§ **EXERCISE OBJECTIVE**
Return only the lines of the listing below that run from the line with "Blessed to Be" through the line with "90's Tommy Bahama", both ends included, exactly as written.

§ **GIVEN INFORMATION**
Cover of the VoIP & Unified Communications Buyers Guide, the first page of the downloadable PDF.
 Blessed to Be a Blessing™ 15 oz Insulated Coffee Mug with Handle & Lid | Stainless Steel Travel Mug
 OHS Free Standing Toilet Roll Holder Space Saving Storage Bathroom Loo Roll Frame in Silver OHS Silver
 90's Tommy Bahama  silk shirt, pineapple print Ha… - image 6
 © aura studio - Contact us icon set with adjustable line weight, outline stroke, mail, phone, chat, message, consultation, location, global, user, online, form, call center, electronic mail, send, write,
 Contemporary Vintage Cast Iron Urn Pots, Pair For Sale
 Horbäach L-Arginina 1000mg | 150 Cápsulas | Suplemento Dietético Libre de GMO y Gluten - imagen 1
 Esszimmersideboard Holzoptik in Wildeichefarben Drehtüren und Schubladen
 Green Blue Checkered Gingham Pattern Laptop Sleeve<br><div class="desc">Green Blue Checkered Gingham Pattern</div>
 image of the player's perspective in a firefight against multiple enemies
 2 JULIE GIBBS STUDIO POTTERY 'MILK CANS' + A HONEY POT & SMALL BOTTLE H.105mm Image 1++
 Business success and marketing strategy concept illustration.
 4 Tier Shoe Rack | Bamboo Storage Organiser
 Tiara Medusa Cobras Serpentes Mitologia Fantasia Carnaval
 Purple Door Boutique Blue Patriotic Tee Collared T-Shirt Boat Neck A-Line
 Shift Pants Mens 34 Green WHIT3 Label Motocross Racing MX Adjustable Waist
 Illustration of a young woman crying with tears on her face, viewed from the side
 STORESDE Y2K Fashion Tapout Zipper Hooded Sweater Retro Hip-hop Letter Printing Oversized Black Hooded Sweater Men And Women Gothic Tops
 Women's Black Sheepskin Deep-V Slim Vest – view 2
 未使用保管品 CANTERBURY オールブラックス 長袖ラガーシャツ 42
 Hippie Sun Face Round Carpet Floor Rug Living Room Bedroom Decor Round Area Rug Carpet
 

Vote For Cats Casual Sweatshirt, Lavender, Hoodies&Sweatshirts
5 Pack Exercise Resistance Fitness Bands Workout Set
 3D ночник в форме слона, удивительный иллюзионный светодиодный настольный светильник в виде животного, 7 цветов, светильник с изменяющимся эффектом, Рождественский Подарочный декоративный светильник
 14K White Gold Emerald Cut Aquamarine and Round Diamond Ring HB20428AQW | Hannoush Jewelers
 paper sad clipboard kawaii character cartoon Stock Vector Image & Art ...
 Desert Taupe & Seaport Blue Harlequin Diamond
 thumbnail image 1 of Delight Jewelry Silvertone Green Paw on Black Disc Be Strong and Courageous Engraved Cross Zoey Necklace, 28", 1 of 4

§ **RESPONSE TO THIS EXERCISE**
 Blessed to Be a Blessing™ 15 oz Insulated Coffee Mug with Handle & Lid | Stainless Steel Travel Mug
 OHS Free Standing Toilet Roll Holder Space Saving Storage Bathroom Loo Roll Frame in Silver OHS Silver
 90's Tommy Bahama  silk shirt, pineapple print Ha… - image 6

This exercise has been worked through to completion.